I know from direct experience there were members of each team that were unhappy with their division.
So I think we need to take the sexuality aspect OUT of the equation.
Here is what I think, washing machines although assigned to women's work were -designed, engineered, created by mostly men. So other men would see this ,some men got fixated on drills, wood cutting machines, that was acceptable. Some men got hooked on washing machines as machines created by men and I also think some men saw admiration for the other half- their mother's labors not their father's labors.

I think its a simple as that.
 
Differentiation of sexuality, and traditional gender roles.
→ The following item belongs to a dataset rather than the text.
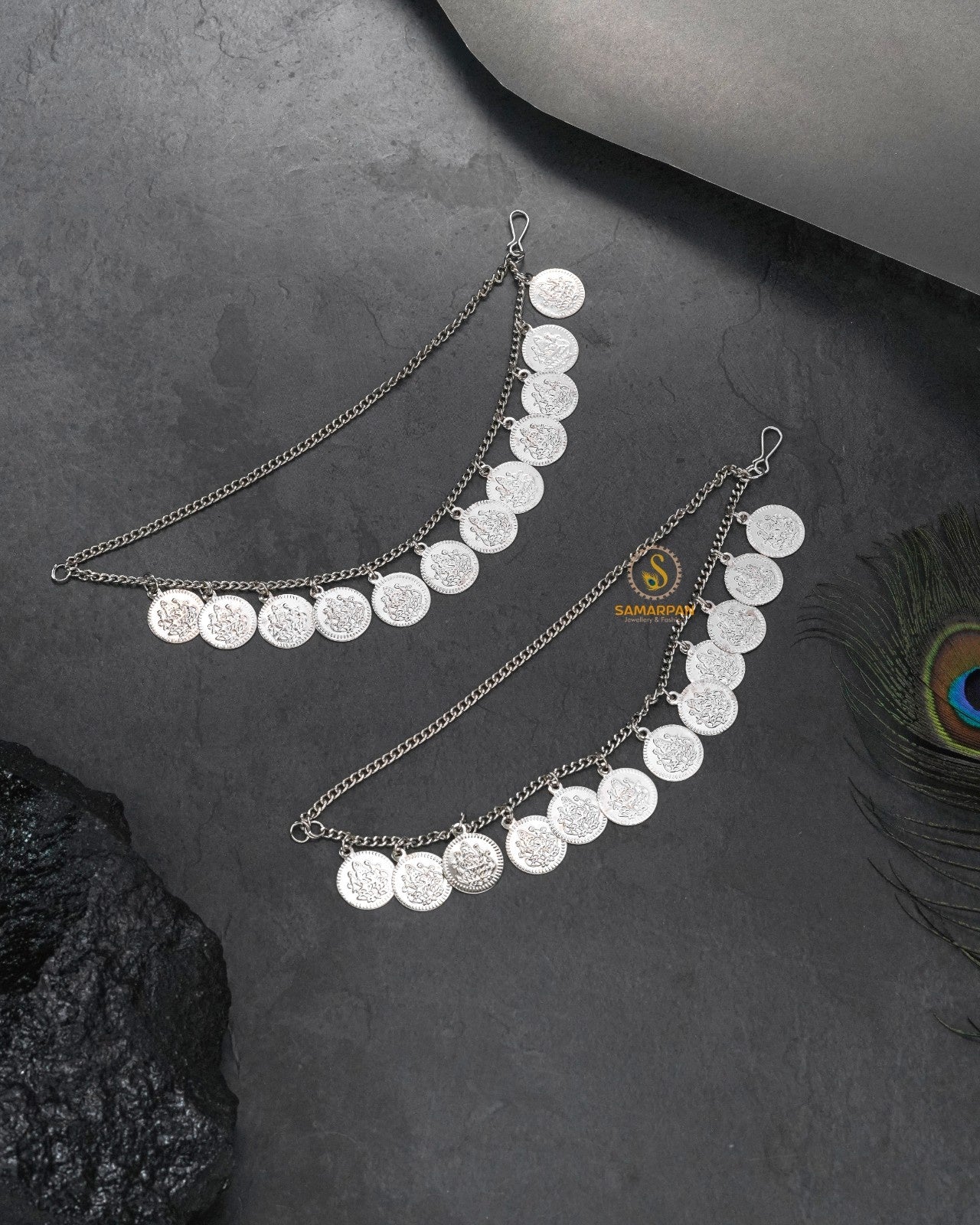 Festive kanser meenakari touch colorful traditional hair jewellery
But as the team player part of the American family goes, (although I do completely agree that many families, my own included, did not like the pre-ordained division of labour) there was a gender separation of household duties: I can think of countless advertisements of the wifey looking on in amusement (or horror) as the helpless, hapless husband attempts cooking, ironing, washing those new green socks with a load a whites, etc... The man was the breadwinner, mowed the lawn, took care of the exterior, and she did the interior...
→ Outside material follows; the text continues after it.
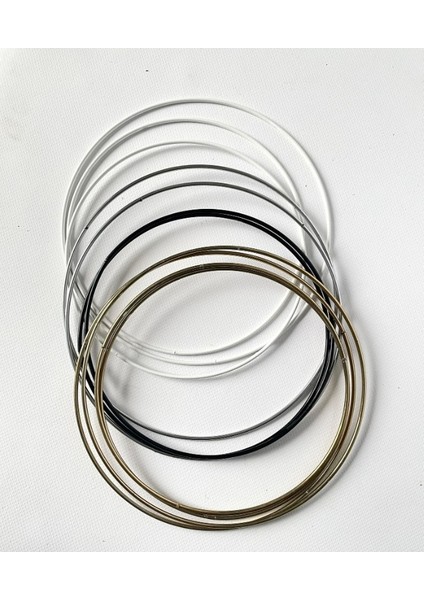 Makrome Halka Kasnak 2 adet 15 cm | Boyasız Metal | Düş Kapanı, Duvar Süsü, Çiçek Çelenk Yapımı modelleri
I could posit that you find perhaps a greater percentage of gay men interested in these appliances because we (speaking for myself, at least) feel less bound to traditional gender roles. That being said, it certainly DOES NOT cast assumptions of orientation on all men who have an interest in appliances like these.
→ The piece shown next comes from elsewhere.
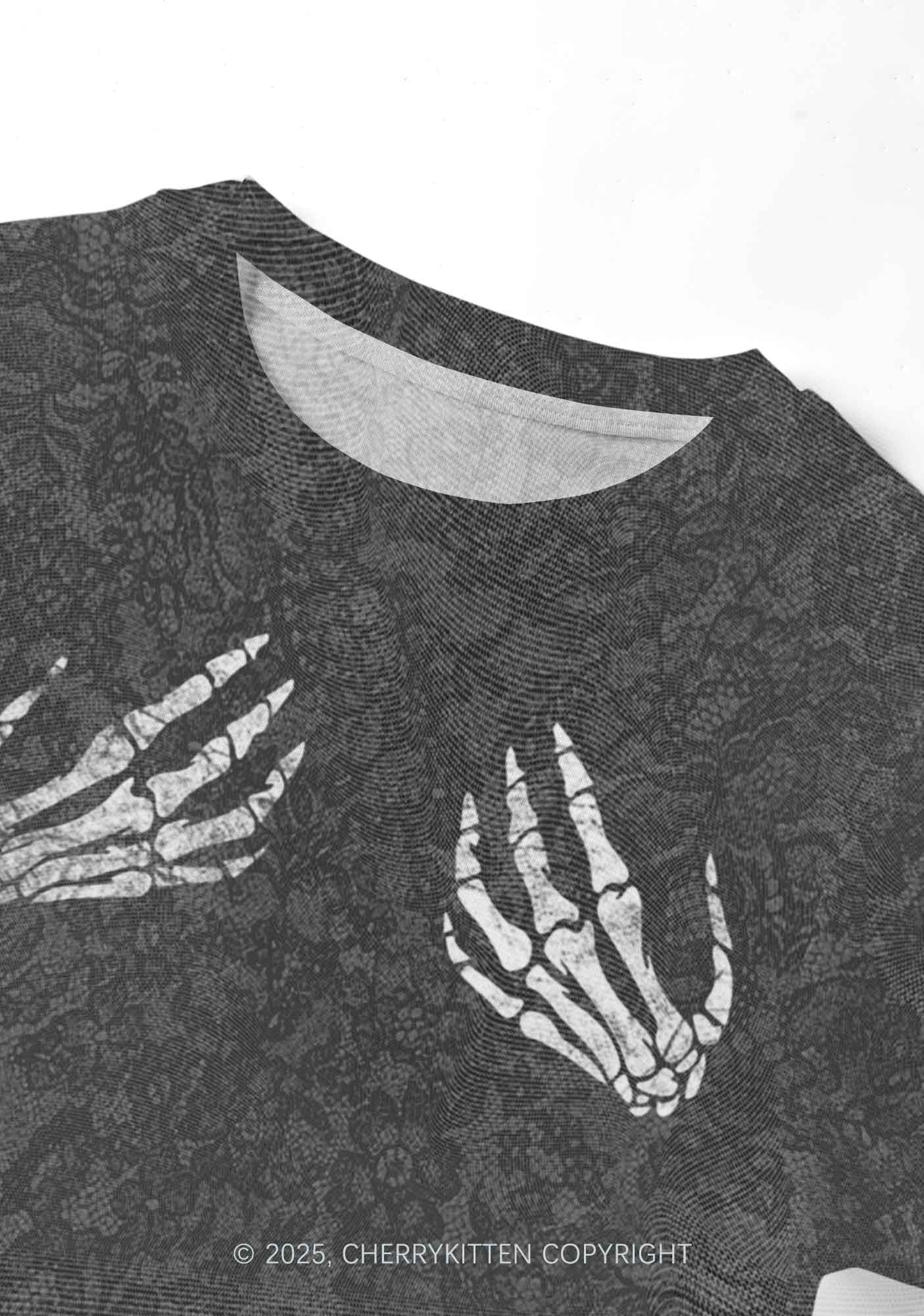 Skeleton Hand Txts Y2K Mesh Crop Top Cherrykitten - Image 3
Then again, I could simply be pissing into the wind on this one...
 
Abcomatic: If you drew an equilateral triangle in WI with Milwaukee as the bottom right point, Madison as the bottom left, and Fond du Lac as the top... Hartford would be just less than half way up the right side... a bit closer to Milwaukee. I'd say maybe an hour-ish from Milwaukee? Here's the link. VERY worth visiting, in my opinion.... http://wisconsinautomuseum.com/
 
A slightly little different take

My earliest memories are of washing machines, quite apart from mother/father bonding issues, and I have never really understood why. Then, the other day I had an epiphany.

 

Our Frigidaire WO 65 sat in an alcove off the far end of the kitchen. My mother would be busy elsewhere, while I sat in front of the machine, too tiny to see inside. She said I would gesture "up-up" and she'd lift me to see. I remember the intense fragrant steam and really hot water. Geraldine recalls that I spent a lot of time there. We had a user-controlled hot water tank at the time, and she would heat it high and long for my brother's diapers. He was 2; I was 1. We rented then, and my dad was a plumber. At one point he modified the plumbing which required new hoses, and the old ones were placed in a long store room where I played with them often. The hose for hot was an orangey-red. These are very early memories and there are dozens more, but let that suffice for now.

 

Tuesday afternoon, I was washing in the WO-65 and I bent down to pick up a leaf from the garage floor. In that moment, the Frig went into spin as my head and ear were passing the cabinet. There is no outer tub in these models and roar of water is spectacular. You all know that as infants and toddlers, we are the ultimate sensate beings. Everything is sight and sound and touch. That's when the epiphany came. It was the sensate and tactile aspects of the washer that imprinted on me, and now I'm hooked forever. Although I have learned to appreciate dryers and dishwashers since joining the AW family, I have no deep particular interest in other appliances or cars or tools--just washers. I wonder if anybody else is like me.